> Given material
————

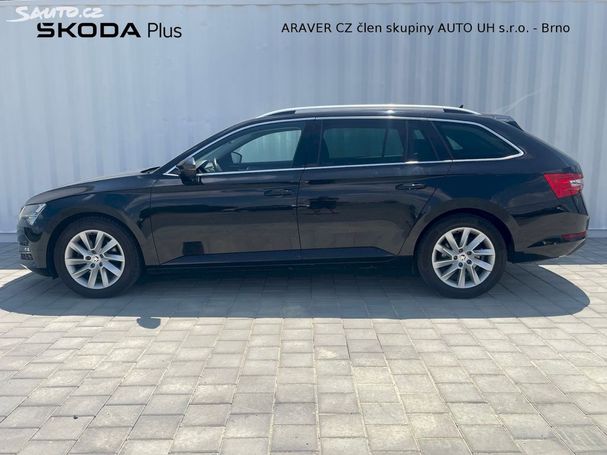 Skoda Superb 1.5 TSI Style 110 kW image number 4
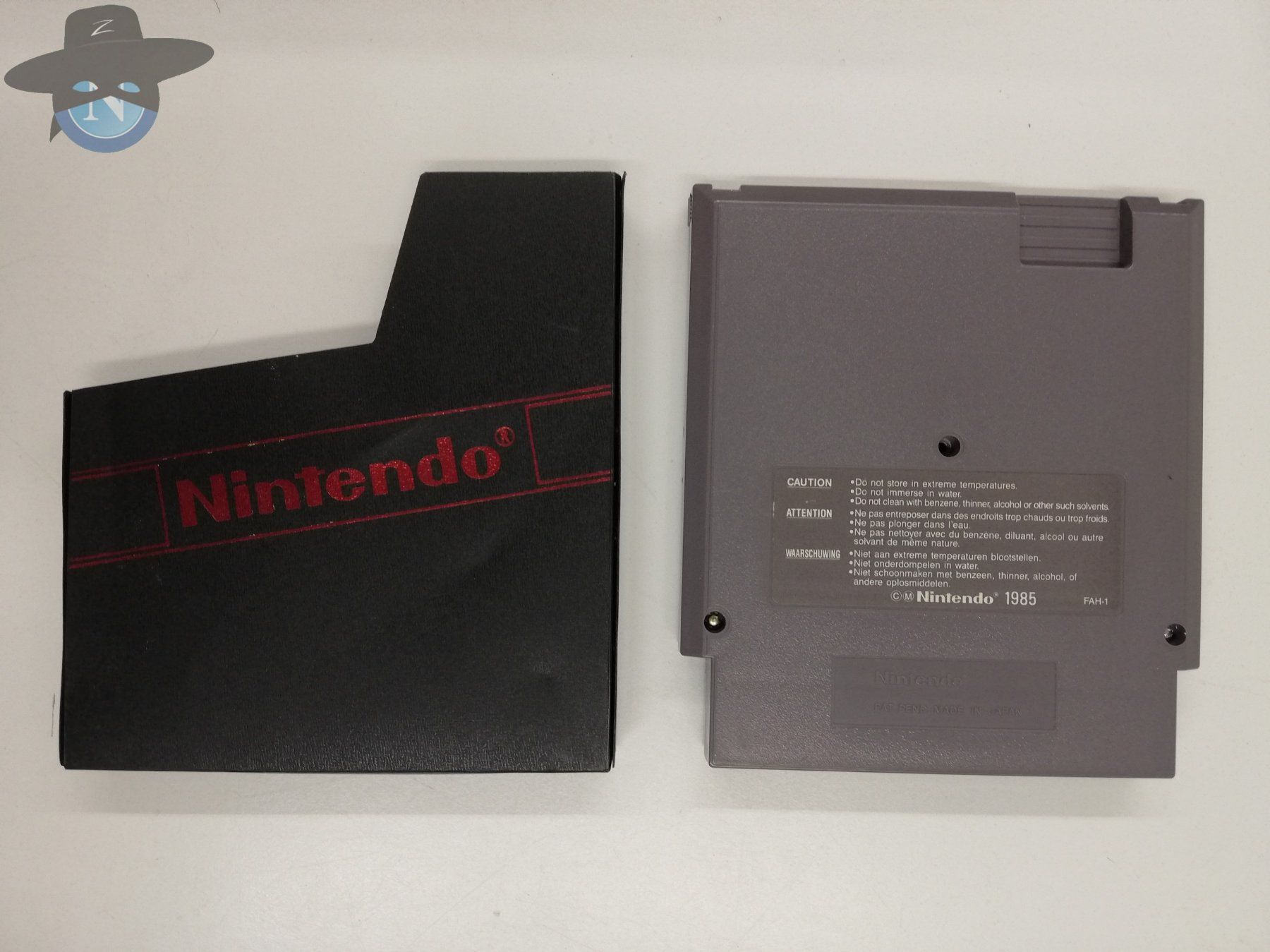 Nintendo Giochi: Parodius / Nintendo NES – Usato da St. Gallen venduto da zorro_dc 1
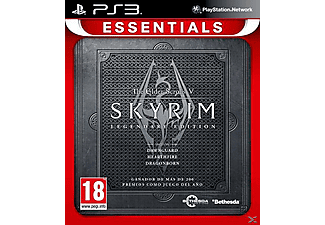 The Elder Scrolls V: Skyrim- Legendary Edition (PlayStation 3)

————

> What to produce
Go through the data above and transcribe it in full, omitting any image.

> Response box
 Skoda Superb 1.5 TSI Style 110 kW image number 4
 Nintendo Giochi: Parodius / Nintendo NES – Usato da St. Gallen venduto da zorro_dc 1
 The Elder Scrolls V: Skyrim- Legendary Edition (PlayStation 3)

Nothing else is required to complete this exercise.